Opinion
21-cv-01759-AJB-WVG
09-12-2023
ORDER DENYING PLAINTIFF'S MOTION TO DISQUALIFY
(DOC. NO. 64)
HON. ANTHONY J. BATTAGLIA, UNITED STATES DISTRICT JUDGE.
Pending before the Court is a motion to disqualify pursuant to 28 U.S.C. §§ 144 and 455 filed by Plaintiff N.R., proceeding pro se. (Doc. No. 64.) Having reviewed the motion, the Court finds it suitable for determination without a hearing. See L. Civ. Rule. 7.1.d (“A judge may, in the judge's discretion, decide a motion without oral argument.”). For the reasons set forth below, the Court DENIES Plaintiff's motion.
I. LEGAL STANDARD
Section 144 requires the movant to have filed “a timely and sufficient affidavit that the judge before whom the matter is pending has a personal bias or prejudice either against him or in favor of any adverse party.” 28 U.S.C. § 144. The presiding judge may determine the legal sufficiency of the affidavit. United States v. Azhocar, 581 F.2d 735, 737-38 (9th Cir. 1978). If the affidavit is deemed “sufficient,” then the motion to disqualify must be referred to another judge for determination. Id. Section 144 also requires the affidavit “be accompanied by a certificate of counsel of record stating that it is made in good faith.” 28 U.S.C. § 144.

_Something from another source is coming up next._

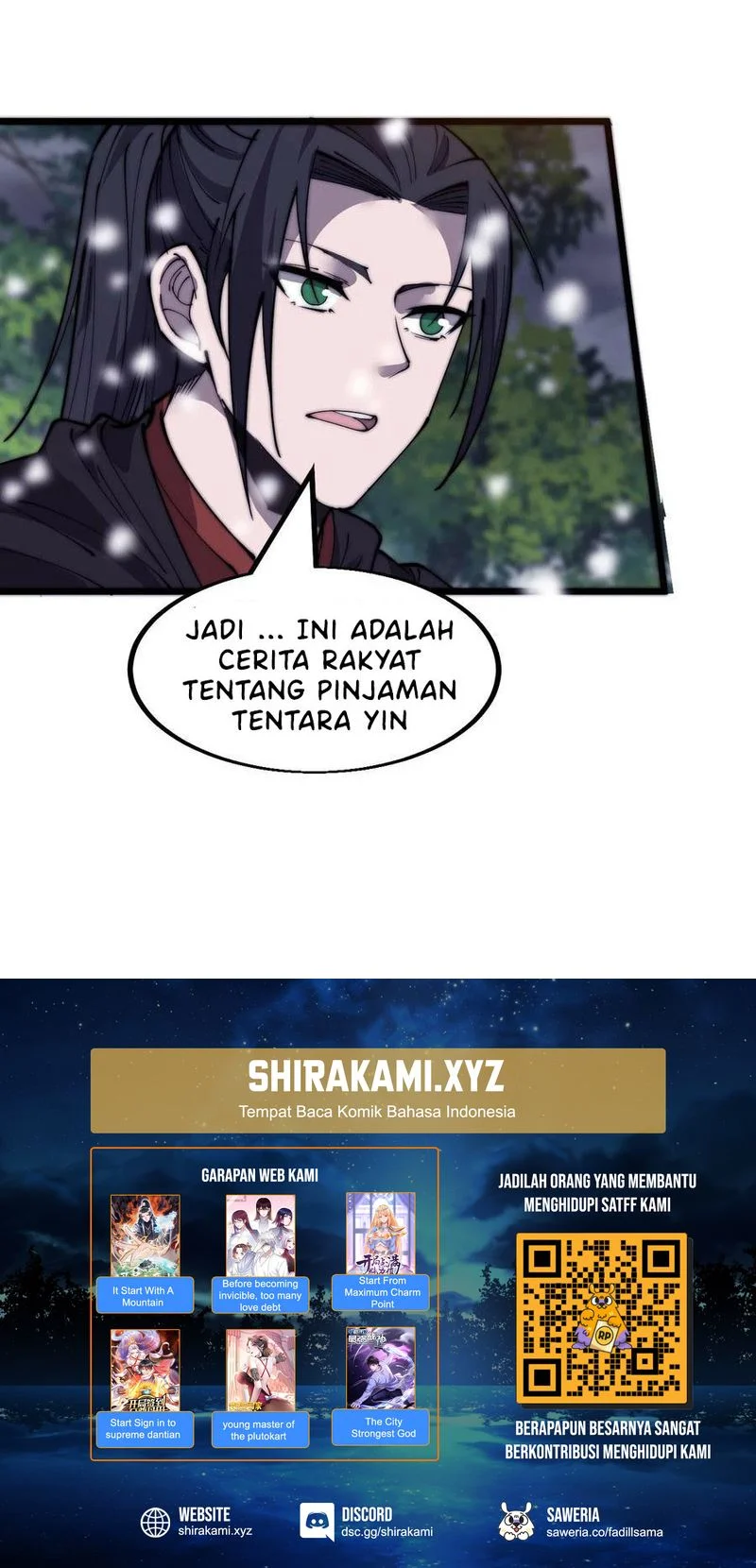 It Starts With A Mountain Chapter 474 Gambar 23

Section 455 provides that a judge “shall disqualify himself in any proceeding in which his impartiality might reasonably be questioned.” 28 U.S.C. § 455(a). The statute is a self-recusal statute and enumerates several bases for disqualification. See id.
The Ninth Circuit has held that the “substantive standard for recusal under 28 U.S.C. § 144 and 28 U.S.C. § 455 is the same: Whether a reasonable person with knowledge of all the facts would conclude that the judge's impartiality might reasonably be questioned.” U.S. v. Hernandez, 109 F.3d 1450, 1453 (9th Cir. 1997) (per curiam) (internal alterations, quotation marks, and citation omitted). The movant bears the burden of proving facts which justify disqualification or recusal. Denardo v. Municipality of Anchorage, 974 F.2d 1200, 1201 (9th Cir. 1992).
II. DISCUSSION
Plaintiff argues this Court must disqualify itself in this matter pursuant to §§ 144 and 455 because the Court has personal bias and prejudice against Plaintiff and her minor son and a personal bias in favor of Defendant Del Mar Unified District and its counsel's firm. Plaintiff claims the Court has failed to make an array of disclosures concerning personal relationships and financial information, which in her view merits this Court's recusal. Her claims are unfounded.
To begin, the Court concludes that Plaintiff's affidavit is insufficient for purposes of § 144 because it is not accompanied by a certification of counsel stating that the affidavit is made in good faith. See 28 U.S.C. § 144. Plaintiff offers no authority upon which the Court can conclude that a pro se litigant's certification satisfies the statute's requirement.Applying the clear language of the statute, the Court finds that because Plaintiff's affidavit is not accompanied by a certificate of good faith executed by an attorney, she cannot proceed pursuant to § 144.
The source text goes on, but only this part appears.